__DATASET CONTENT__.
● ● ● ●

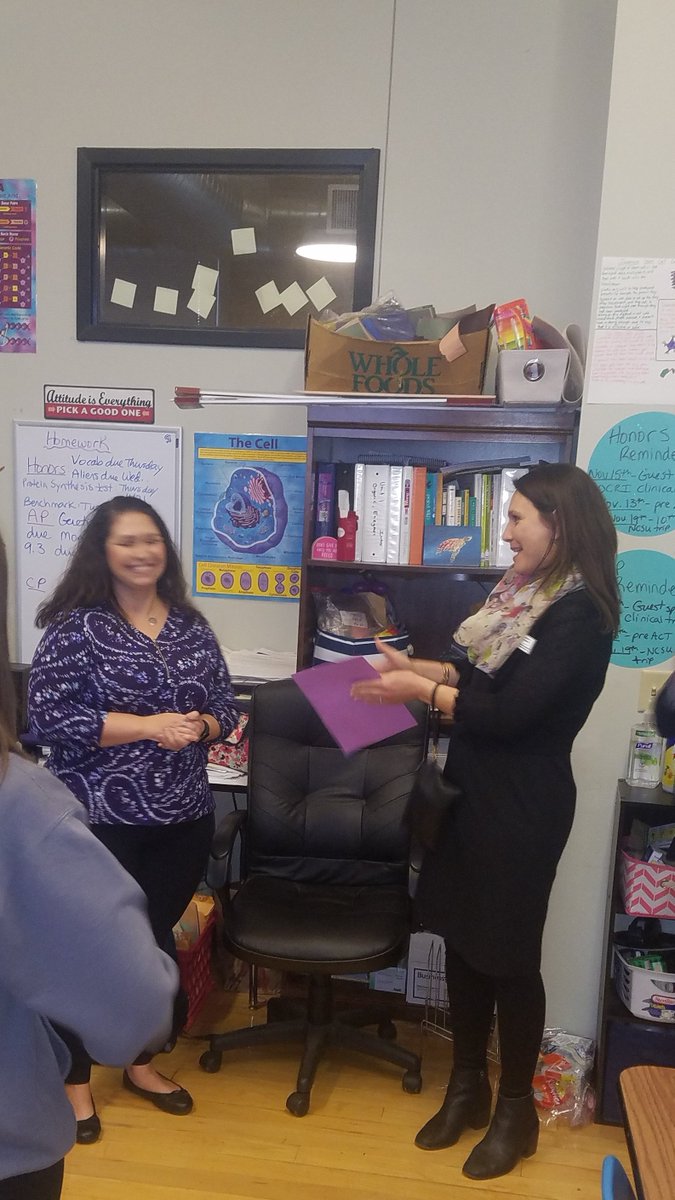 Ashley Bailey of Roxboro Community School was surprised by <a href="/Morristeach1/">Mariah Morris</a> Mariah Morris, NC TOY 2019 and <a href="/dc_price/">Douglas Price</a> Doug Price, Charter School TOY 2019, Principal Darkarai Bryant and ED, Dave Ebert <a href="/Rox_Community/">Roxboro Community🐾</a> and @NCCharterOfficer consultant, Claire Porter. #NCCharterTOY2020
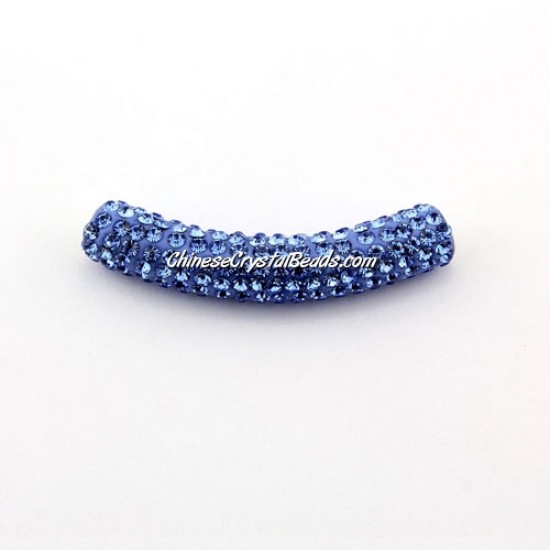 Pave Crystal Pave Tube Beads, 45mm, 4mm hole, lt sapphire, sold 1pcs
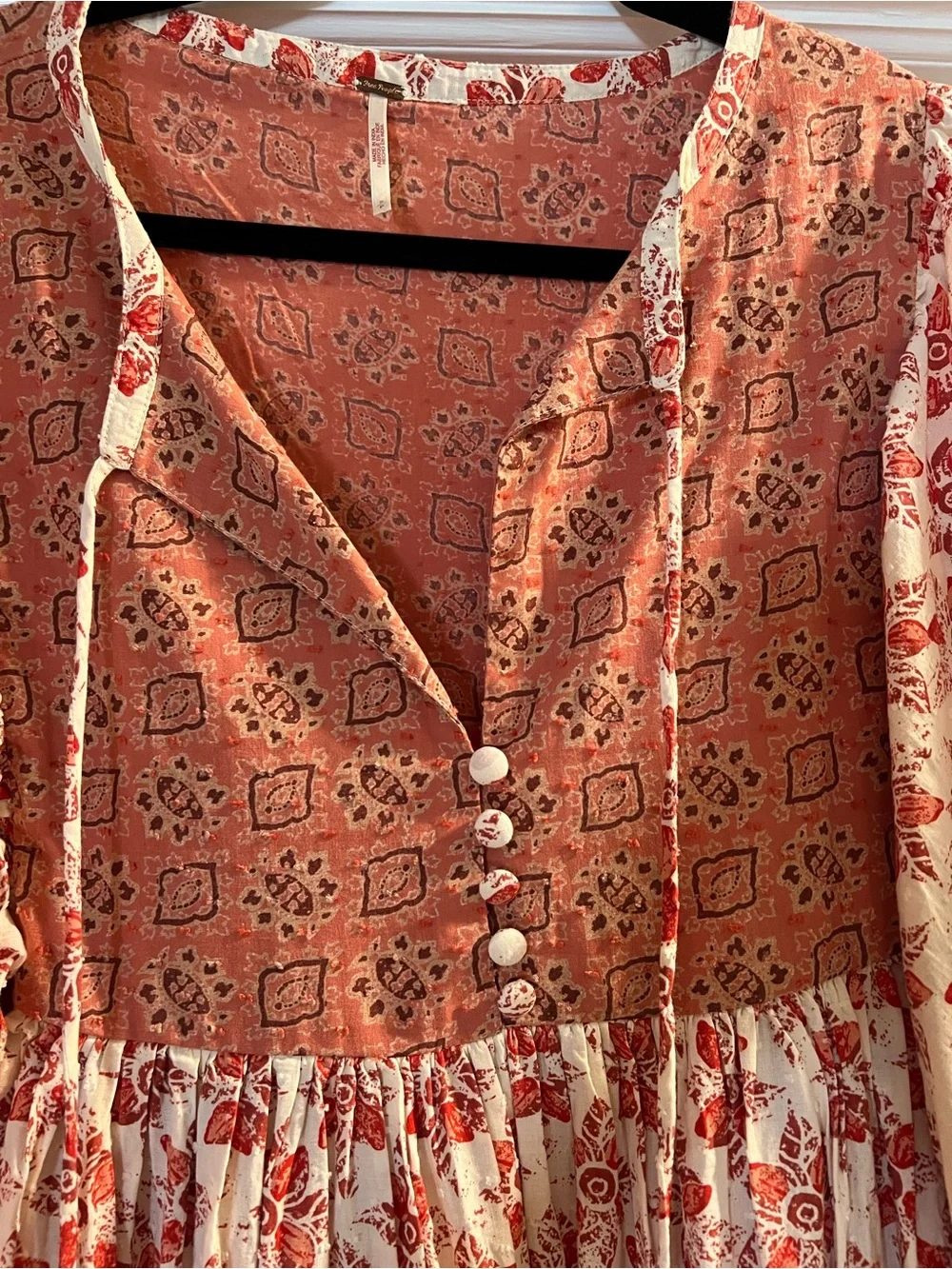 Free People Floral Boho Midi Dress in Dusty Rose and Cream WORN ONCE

● ● ● ●

__WHAT IS NEEDED__. The expected output is the material above, repeated exactly and free of pictures.

__WRITTEN ANSWER__.
 Ashley Bailey of Roxboro Community School was surprised by <a href="/Morristeach1/">Mariah Morris</a> Mariah Morris, NC TOY 2019 and <a href="/dc_price/">Douglas Price</a> Doug Price, Charter School TOY 2019, Principal Darkarai Bryant and ED, Dave Ebert <a href="/Rox_Community/">Roxboro Community🐾</a> and @NCCharterOfficer consultant, Claire Porter. #NCCharterTOY2020
 Pave Crystal Pave Tube Beads, 45mm, 4mm hole, lt sapphire, sold 1pcs
 Free People Floral Boho Midi Dress in Dusty Rose and Cream WORN ONCE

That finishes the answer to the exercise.